### Brief:
A verbatim repetition of the data below is requested, without images.

### Supplied information:
>>

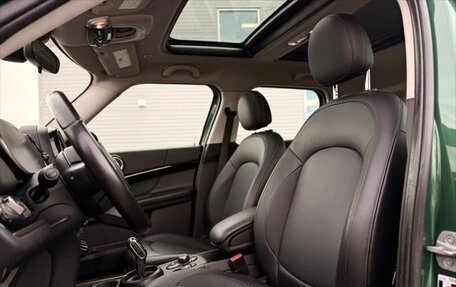 MINI Countryman II (F60), 2022 год, 2 240 000 рублей, 10 фотография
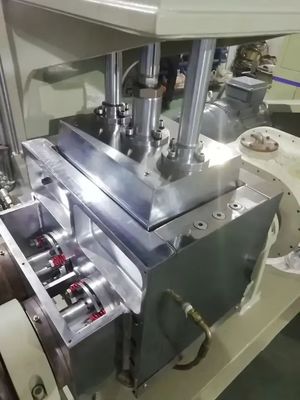 Customized 5L Combined Mixer Granulator Machine Low Energy Consumption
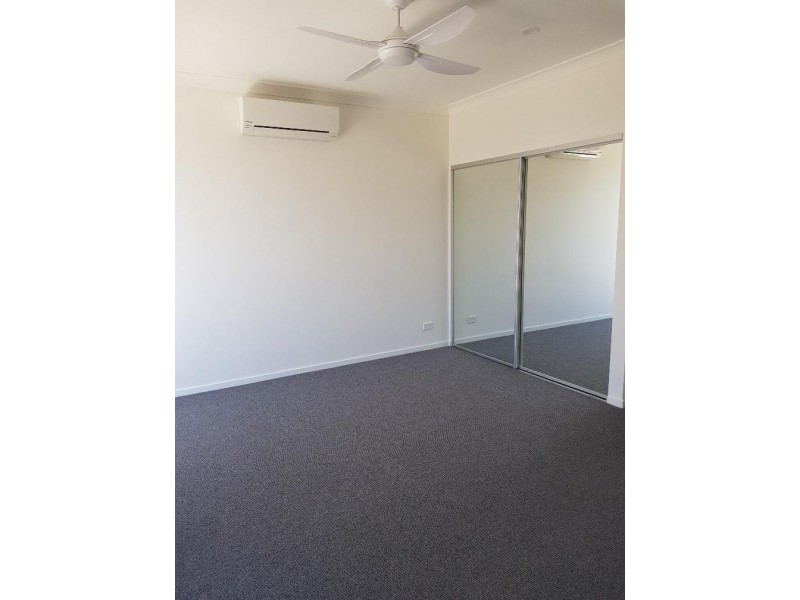 3031 The Boulevard, Carrara QLD 4211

<<

### Response to the exercise:
 MINI Countryman II (F60), 2022 год, 2 240 000 рублей, 10 фотография
 Customized 5L Combined Mixer Granulator Machine Low Energy Consumption
 3031 The Boulevard, Carrara QLD 4211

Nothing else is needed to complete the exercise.